Em uma pequena casa à beira da aldeia vivia um rapazinho chamado Sergei. Era uma criança alegre e cheia de vida que, como todas as crianças, adorava diversão e jogos. Durante o dia, brincava feliz com uma bola com os outros rapazes na rua, e à noite jogava os seus jogos favoritos em casa. O rapaz Sergei crescia curioso e interessava-se por tudo o que o rodeava, e sempre contava com alegria sobre as suas novas descobertas aos seus familiares.
Uma vez, Sergei estava tão absorvido a brincar com um novo construtor que não reparou como a noite chegou, e a Noite já estava à porta. E quando a mãe o chamou para dormir, ele perguntou: "Mãe, porque é que tenho de ir dormir? Afinal, enquanto durmo vou perder tantas coisas interessantes!".
Os seus familiares tentaram durante muito tempo convencer a criança a deitar-se na cama, mas Sergei mantinha-se firme na sua posição. Em vez de obedecer à mãe e ao pai, pegou na sua sabre favorita e correu para o quintal.

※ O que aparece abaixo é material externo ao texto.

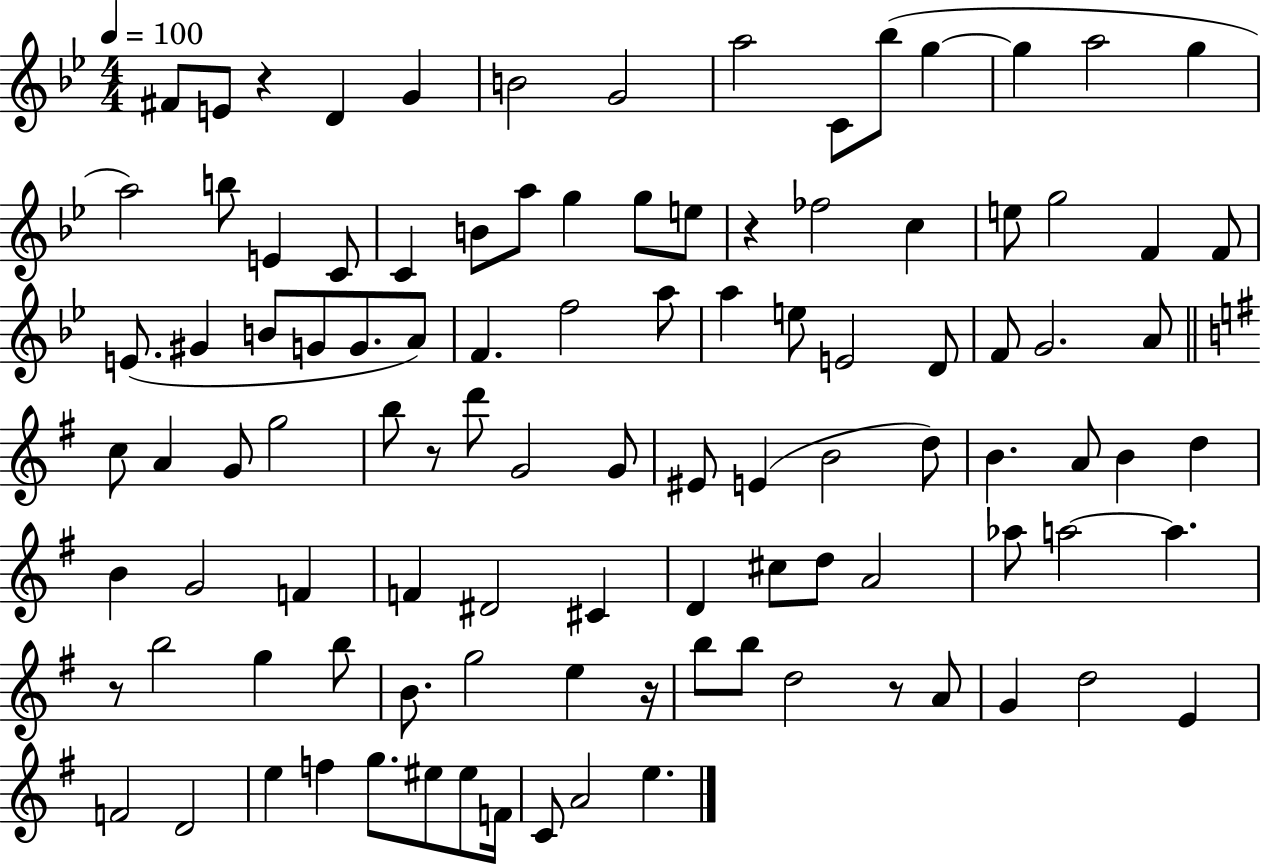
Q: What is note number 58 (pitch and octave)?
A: B4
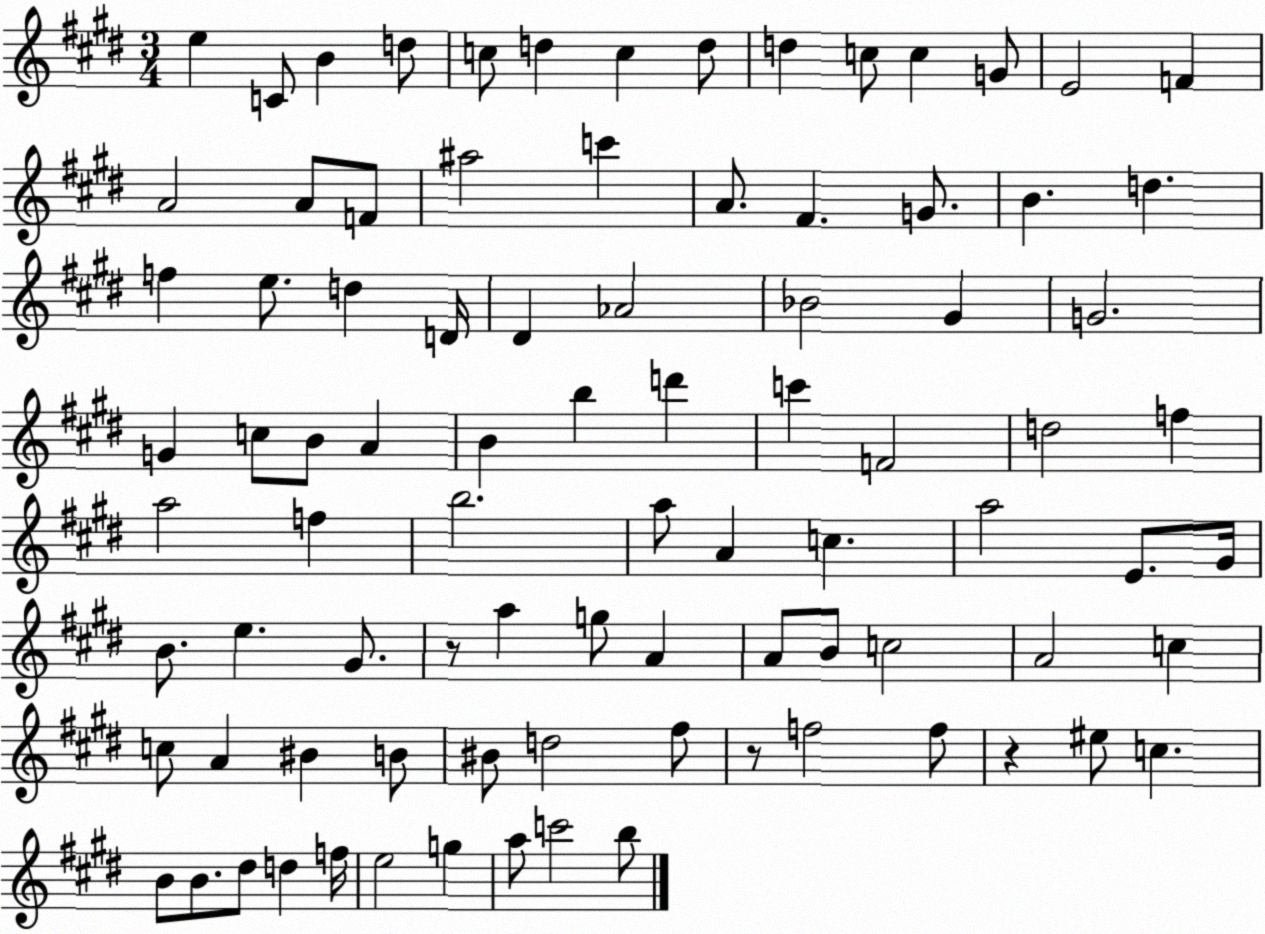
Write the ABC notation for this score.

X:1
T:Untitled
M:3/4
L:1/4
K:E
e C/2 B d/2 c/2 d c d/2 d c/2 c G/2 E2 F A2 A/2 F/2 ^a2 c' A/2 ^F G/2 B d f e/2 d D/4 ^D _A2 _B2 ^G G2 G c/2 B/2 A B b d' c' F2 d2 f a2 f b2 a/2 A c a2 E/2 ^G/4 B/2 e ^G/2 z/2 a g/2 A A/2 B/2 c2 A2 c c/2 A ^B B/2 ^B/2 d2 ^f/2 z/2 f2 f/2 z ^e/2 c B/2 B/2 ^d/2 d f/4 e2 g a/2 c'2 b/2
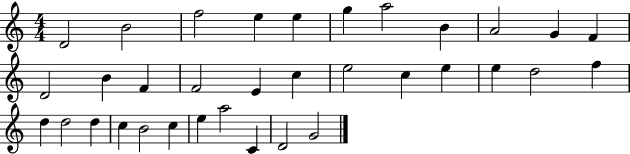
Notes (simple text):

D4/h B4/h F5/h E5/q E5/q G5/q A5/h B4/q A4/h G4/q F4/q D4/h B4/q F4/q F4/h E4/q C5/q E5/h C5/q E5/q E5/q D5/h F5/q D5/q D5/h D5/q C5/q B4/h C5/q E5/q A5/h C4/q D4/h G4/h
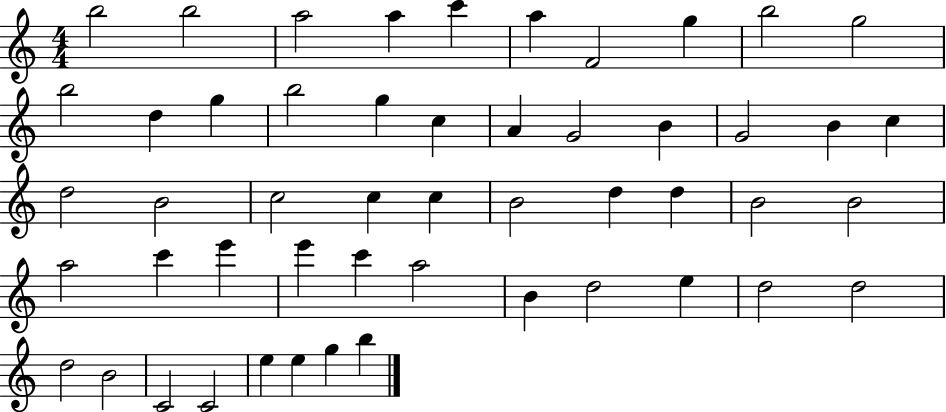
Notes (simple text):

B5/h B5/h A5/h A5/q C6/q A5/q F4/h G5/q B5/h G5/h B5/h D5/q G5/q B5/h G5/q C5/q A4/q G4/h B4/q G4/h B4/q C5/q D5/h B4/h C5/h C5/q C5/q B4/h D5/q D5/q B4/h B4/h A5/h C6/q E6/q E6/q C6/q A5/h B4/q D5/h E5/q D5/h D5/h D5/h B4/h C4/h C4/h E5/q E5/q G5/q B5/q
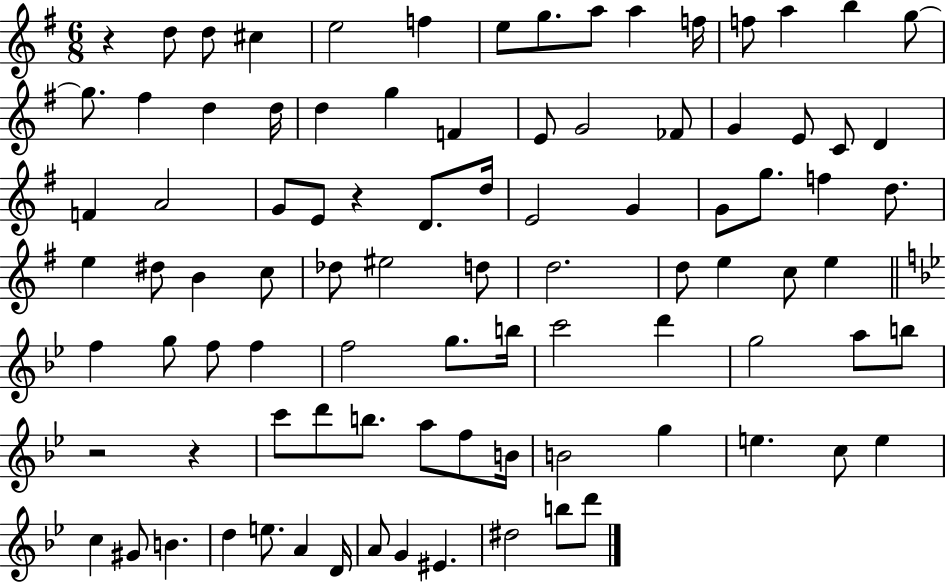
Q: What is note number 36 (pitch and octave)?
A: G4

Na rua já era noite escura. Mas o rapaz era corajoso e não tinha medo da escuridão.
Sergei gritou em voz alta:
Noite, vai-te embora para sempre e nunca mais voltes! Agora sobre a nossa casa brilhará sempre o Solzinho e nunca mais terei de ir dormir.
E a Noite ofendeu-se com o rapaz e saiu do quintal. Sobre a casa do Sergei brilhou um Solzinho radiante e alegre, que a criança tanto esperava. Sergei começou a brincar com os raios de sol, estava muito feliz e alegrava-se com os raios quentes.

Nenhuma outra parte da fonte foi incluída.